WHAT THE TASK ASKS –
Starting at the line below with "Begonia Bewitched Red Black" and stopping at the line with "Image Description", please print each line exactly, those two included, and skip every picture.

EXERCISE INPUT –
^^^^^^^^^^^^^^^^
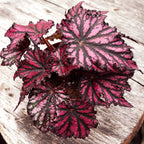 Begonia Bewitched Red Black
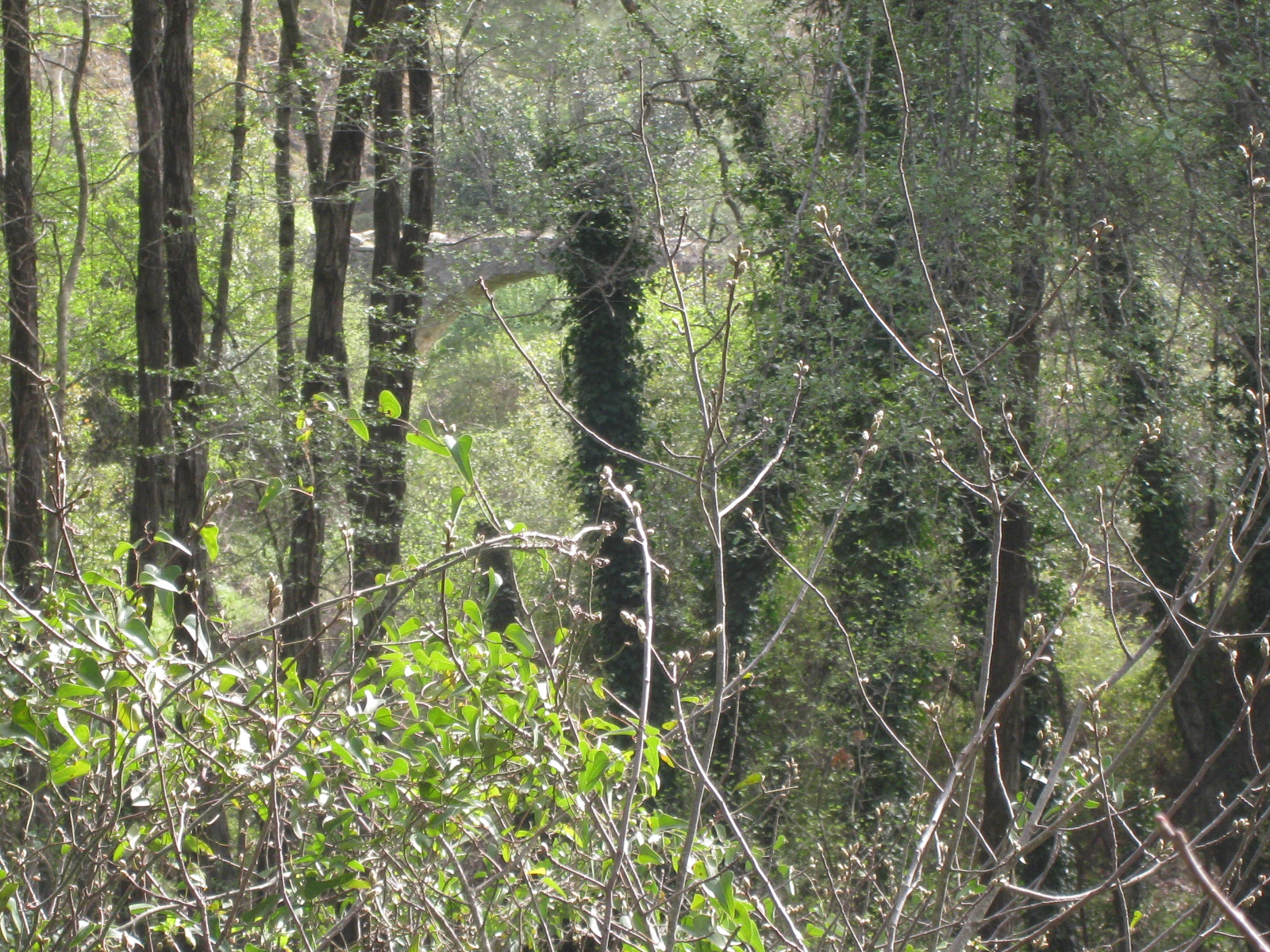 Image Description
^^^^^^^^^^^^^^^^
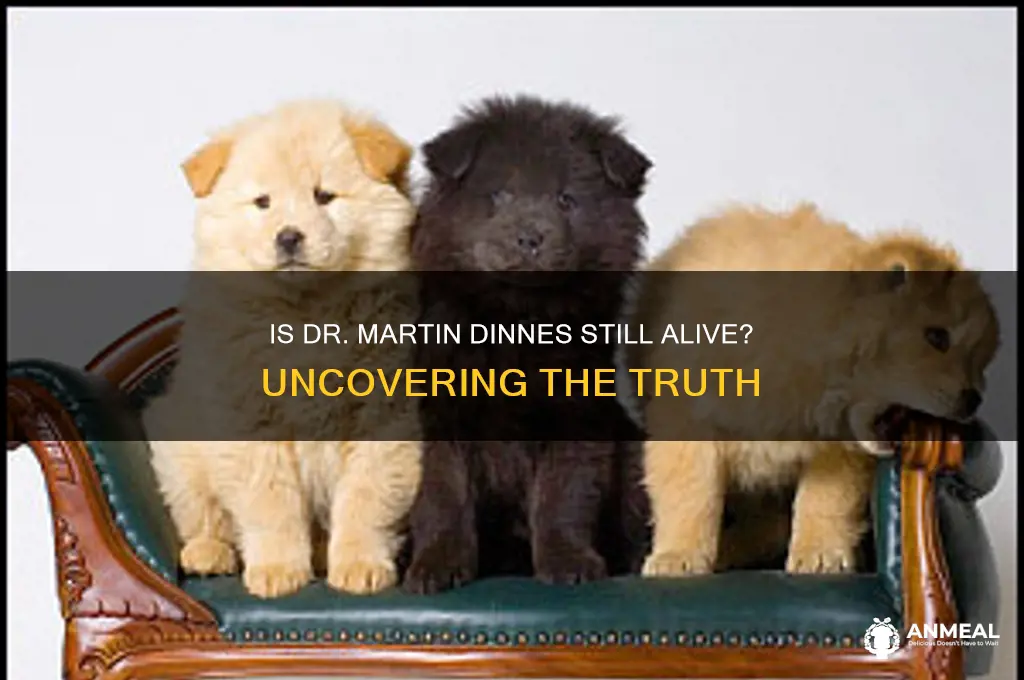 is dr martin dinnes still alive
^^^^^^^^^^^^^^^^
SOLUTION TO THE EXERCISE –
 Begonia Bewitched Red Black
 Image Description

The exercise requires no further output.